→ **Problem statement**
The whole listing needs to be restated word for word.

====================

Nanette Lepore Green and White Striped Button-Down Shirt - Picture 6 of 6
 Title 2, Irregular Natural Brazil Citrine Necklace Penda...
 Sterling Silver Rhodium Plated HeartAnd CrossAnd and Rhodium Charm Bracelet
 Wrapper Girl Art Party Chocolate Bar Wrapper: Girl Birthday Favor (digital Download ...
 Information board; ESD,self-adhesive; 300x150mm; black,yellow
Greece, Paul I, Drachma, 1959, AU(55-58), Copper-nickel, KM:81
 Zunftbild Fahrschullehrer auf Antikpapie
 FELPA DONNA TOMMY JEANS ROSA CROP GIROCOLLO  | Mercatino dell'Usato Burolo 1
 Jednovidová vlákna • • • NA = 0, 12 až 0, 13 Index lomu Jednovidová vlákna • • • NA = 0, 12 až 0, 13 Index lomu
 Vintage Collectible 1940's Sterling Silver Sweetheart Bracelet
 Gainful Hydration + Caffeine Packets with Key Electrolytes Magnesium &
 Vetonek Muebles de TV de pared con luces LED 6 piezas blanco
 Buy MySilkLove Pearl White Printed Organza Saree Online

====================

→ **Output below**
Nanette Lepore Green and White Striped Button-Down Shirt - Picture 6 of 6
 Title 2, Irregular Natural Brazil Citrine Necklace Penda...
 Sterling Silver Rhodium Plated HeartAnd CrossAnd and Rhodium Charm Bracelet
 Wrapper Girl Art Party Chocolate Bar Wrapper: Girl Birthday Favor (digital Download ...
 Information board; ESD,self-adhesive; 300x150mm; black,yellow
Greece, Paul I, Drachma, 1959, AU(55-58), Copper-nickel, KM:81
 Zunftbild Fahrschullehrer auf Antikpapie
 FELPA DONNA TOMMY JEANS ROSA CROP GIROCOLLO  | Mercatino dell'Usato Burolo 1
 Jednovidová vlákna • • • NA = 0, 12 až 0, 13 Index lomu Jednovidová vlákna • • • NA = 0, 12 až 0, 13 Index lomu
 Vintage Collectible 1940's Sterling Silver Sweetheart Bracelet
 Gainful Hydration + Caffeine Packets with Key Electrolytes Magnesium &
 Vetonek Muebles de TV de pared con luces LED 6 piezas blanco
 Buy MySilkLove Pearl White Printed Organza Saree Online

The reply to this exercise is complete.